Therefore a man shall leave his father and his mother and hold fast to his wife, and they shall become one flesh (Genesis 2:24).

I watched my wife go through three miscarriages. They happened to her. It was her pain, her disappointment, her fear, but they were my miscarriages, too. I did not feel hurt the way she did. I have no idea of the physical, mental, and emotional agony of a miscarriage—at least not the way she does. But I hurt because she was hurting. I hurt because I lost something, too. We are one flesh. When someone murdered my brother in 1997, my wife hurt along with me. She did not hurt the way I did, but she hurt because her husband was hurting. We are not two people acting independently of each other. We are one body (Hebrews 13:3). When I sin—no matter what it is—my wife has a responsibility for that sin. She would never say, “That’s Rick’s problem. That’s his sin.” No, it’s our sin. She is not guilty of my sin, she does not repent of my sin, and God does not consider her guilty for my sin, but she has a role to play because she is me, and I am her—we are one.

When I sin, she runs to my aid by calling me out and bringing corrective care.
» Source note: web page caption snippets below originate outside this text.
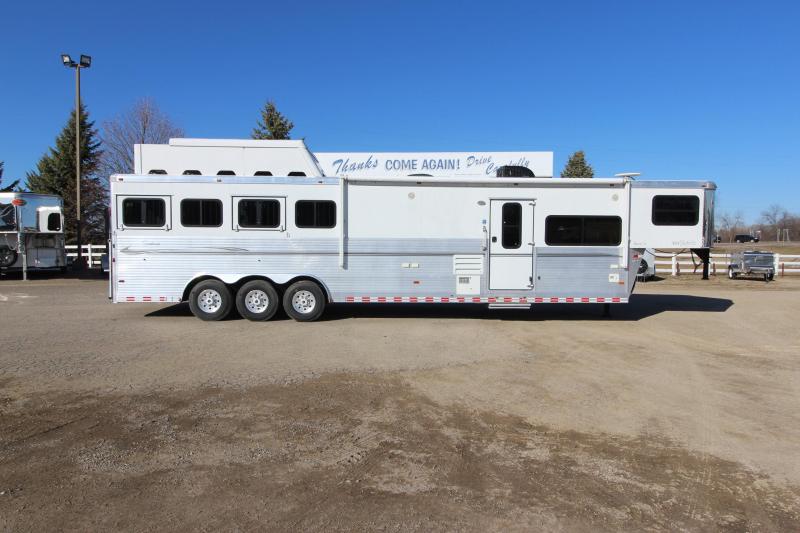 2007 Sundowner Trailers 4HR 14' LQ Horse Trailer 2007 Sundowner Trailers 4HR 14' LQ Horse Trailer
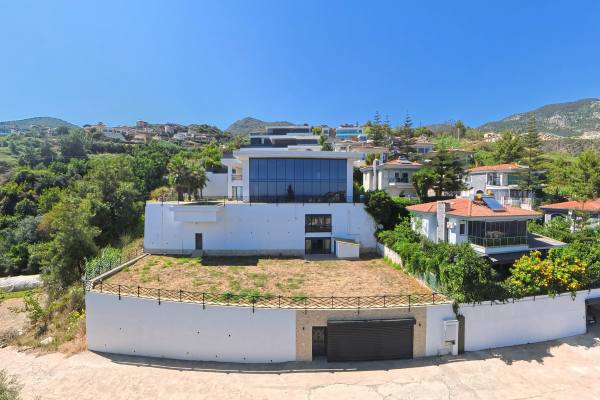 Alanya Tepe Mahallesi'nde Deniz, Kale ve Şehir Manzaralı Müstakil Villa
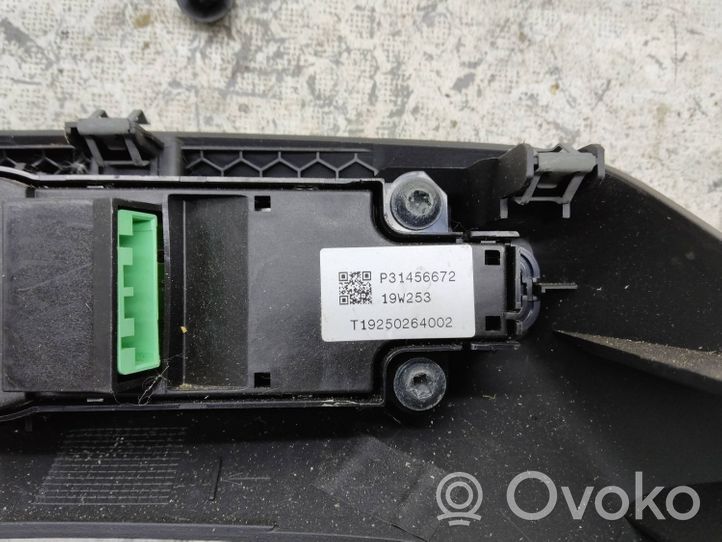 Volvo XC40 Controllo multimediale autoradio 31456672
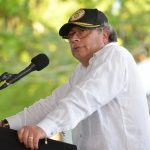 Desde Sucre, el presidente Gustavo Petro rechazó las palabras del coronel John Marulanda de la reserva activa y quien hace parte de Acore, quien dijo que buscan “defenestar” el Gobierno actual poniendo como ejemplo lo que sucedió en el Perú con Pedro Castillo.Foto Presidencia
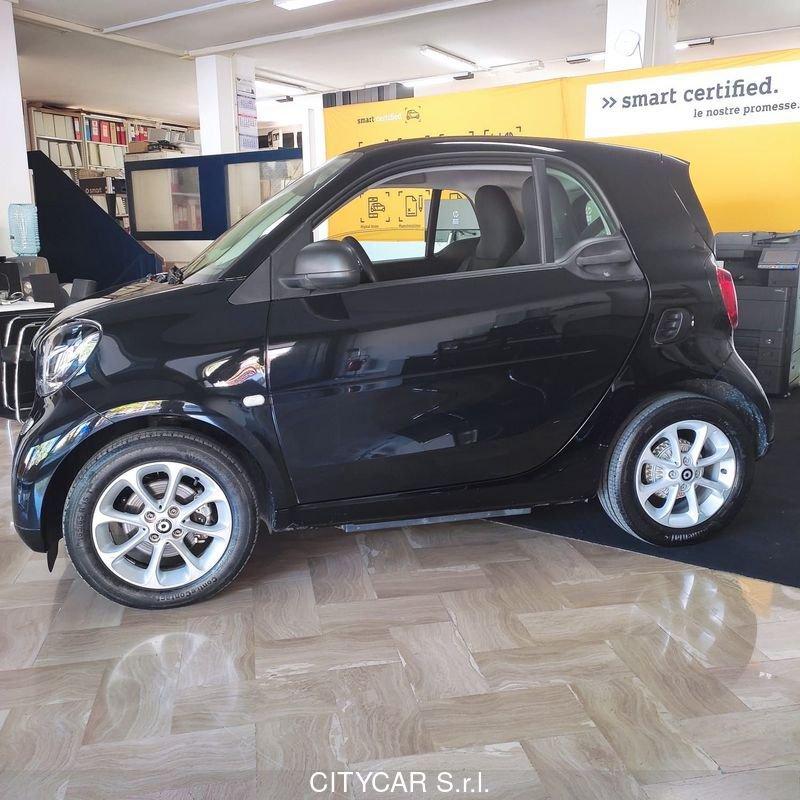 smart fortwo EQ Youngster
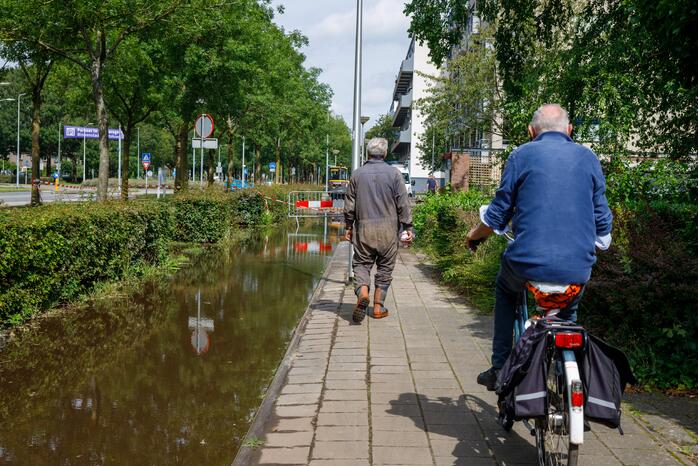 Sinkhole ontstaan bij waterleidingbreuk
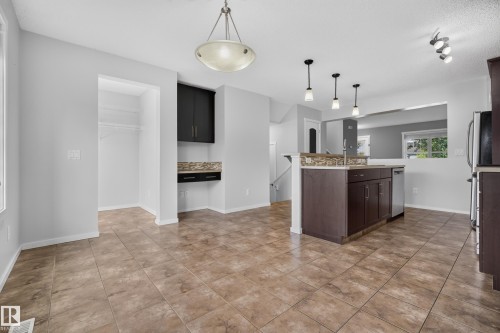 5241 2A Avenue Sw, Edmonton, AB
She becomes my discipler—my mentor. Similar to when an arm is cut by a briar, the body comes to the rescue. Too often, when one marriage partner sins, the other spouse acts as though they are not part of the one flesh union. This kind of marriage detachment is Job’s wife syndrome: the non-sinning spouse gets mad when the other spouse is in trouble (Job 2:9). Ironically, this means both of them are sinning. When two people respond sinfully to sin, they both are guilty before God and before each other, regardless of who was first to fall. They both need to repent. It’s like cursing your arm when it gets cut. That’s weird; it’s your body. You shouldn’t get mad at yourself when something happens to you. Are you following my logic?
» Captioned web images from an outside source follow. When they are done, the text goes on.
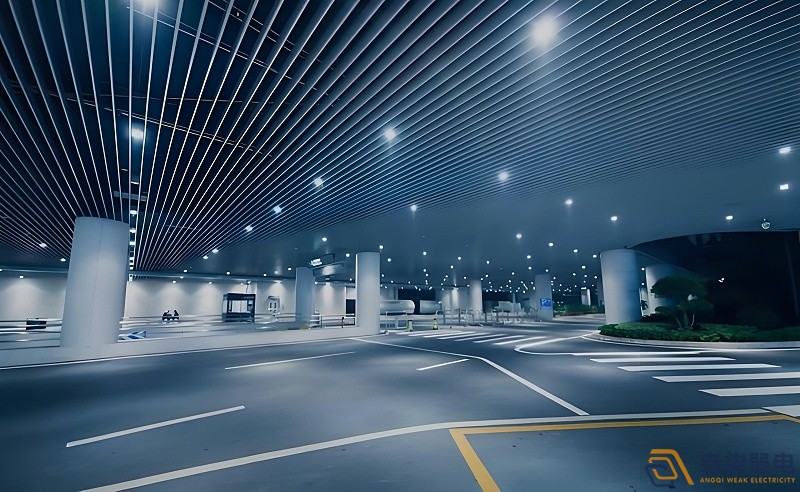 在地下車庫，看燈光如何綠色“智”變？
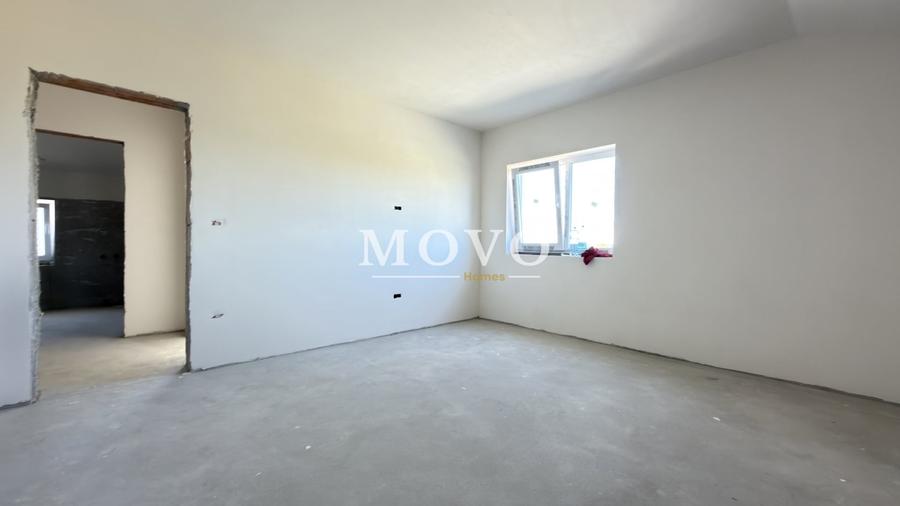 Duplex cu 4 camere cu Canalizare în Moșnița Veche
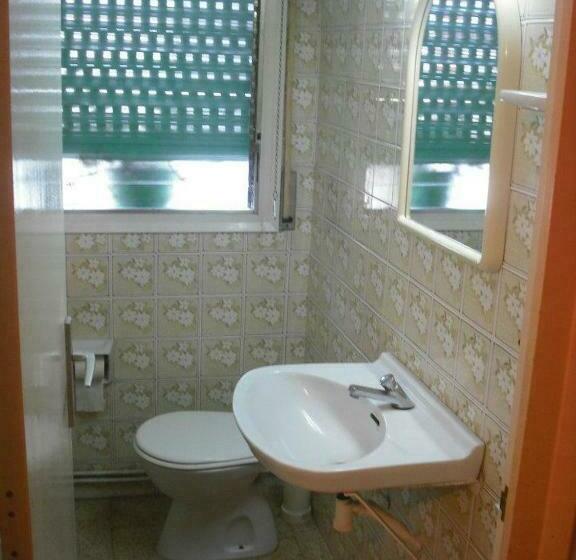 带共用浴室的标准房间, Hostal Cassa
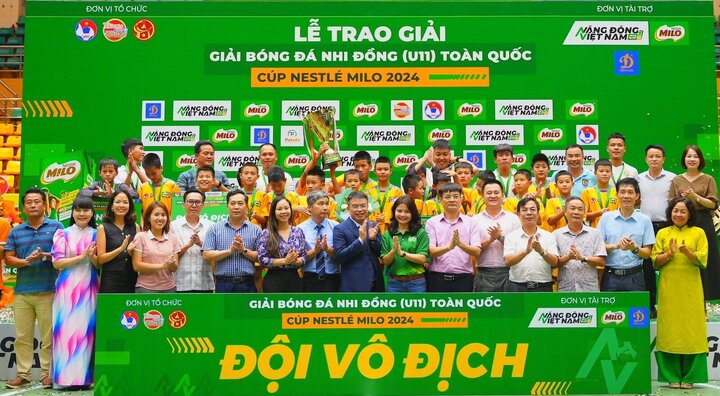 VFF ra án phạt SLNA vì hành vi gian lận tuổi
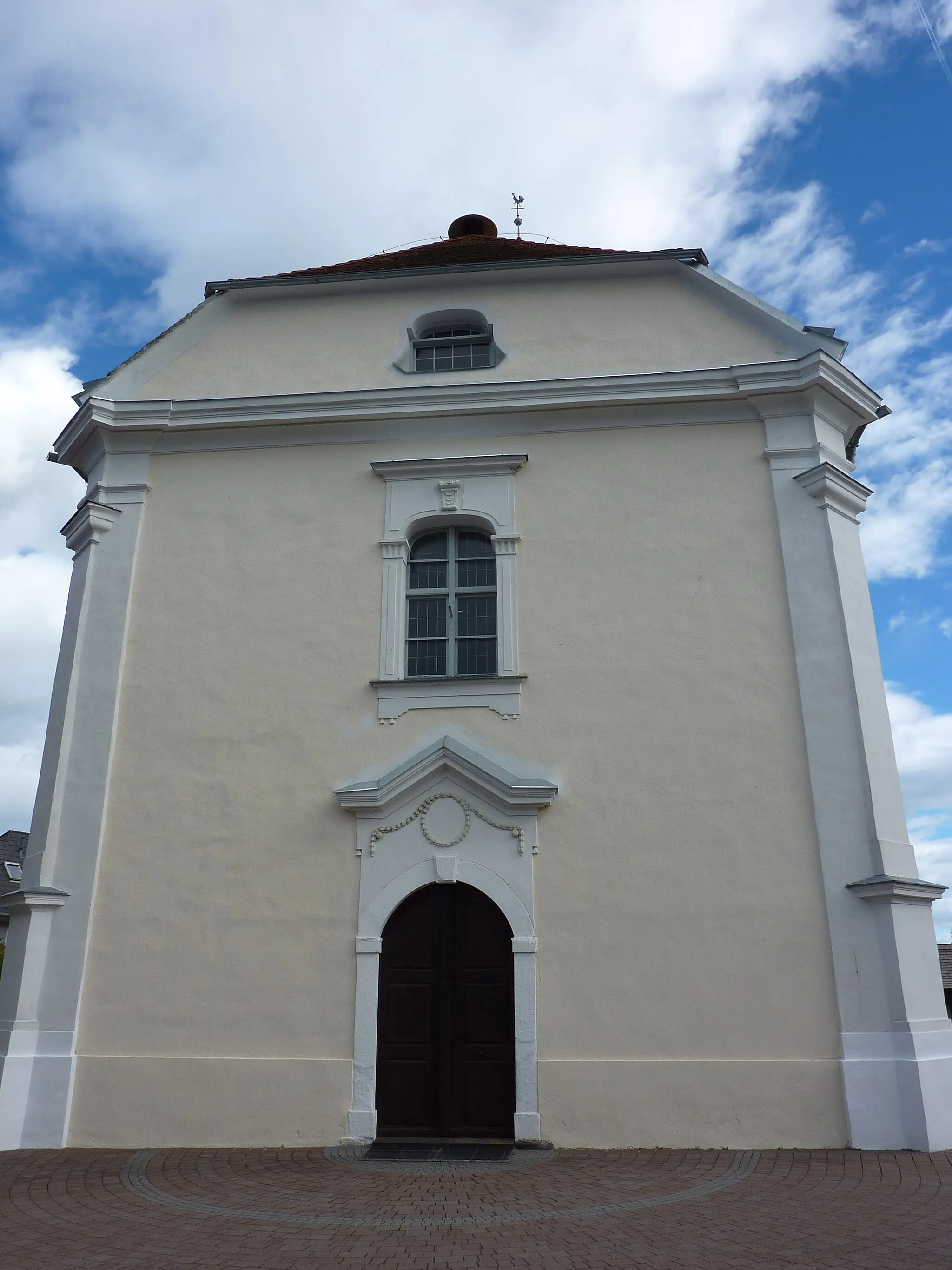 Photo showing: Pfarrkirche hl. Laurentius, Edelschrott, Steiermark - Westfassade

This media shows the protected monument with the number 56557 in Austria. (Commons, de, Wikidata)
It is biblical insanity to get mad at your spouse when they sin. When part of the body rejects another part of the body, you have a schism in the body. You must call a doctor, or, in this case, if you’re unwilling to repent, you better call your pastor or some other competent helper. Your one flesh union needs help. Are you a rescuer and restorer, or are you a critic and condemner? You’ll never be more tested on this than when your spouse does something that annoys you. Perhaps it would be helpful to remember that your spouse is an instrument the Lord uses to mature you. God will use sin sinlessly to transform His children. We see this in Paul’s warning about a person in sin and a person who helps that soul in sin. Take a look at these three verses and note how much time Paul spent talking to the helper (47 words) rather than the person in sin (7 words).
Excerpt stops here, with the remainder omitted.